### [What you have to do]
Starting at the first line of the data, print each line verbatim up to and including the line bearing "Illustration of a", omitting pictures.

### [Material provided]
━━━━━━━━━━━━━━━━━━━━

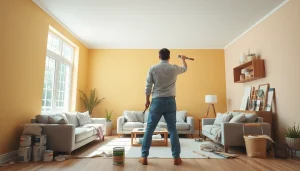 Enhancing a living room through expert interior painting, showcasing vibrant colors and professional techniques.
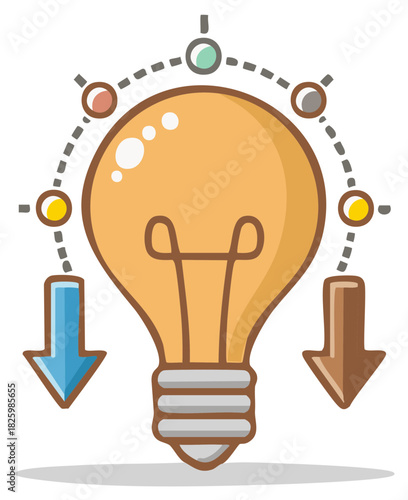 Illustration of a bright idea lightbulb with surrounding colorful orbiting thoughts and downward arrows
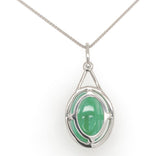 Platinum 9.55 Carat GIA Jadeite A Jade Pendant w/Diamond Platinum Chain (#J6512)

━━━━━━━━━━━━━━━━━━━━

### [Reply to the task]
 Enhancing a living room through expert interior painting, showcasing vibrant colors and professional techniques.
 Illustration of a bright idea lightbulb with surrounding colorful orbiting thoughts and downward arrows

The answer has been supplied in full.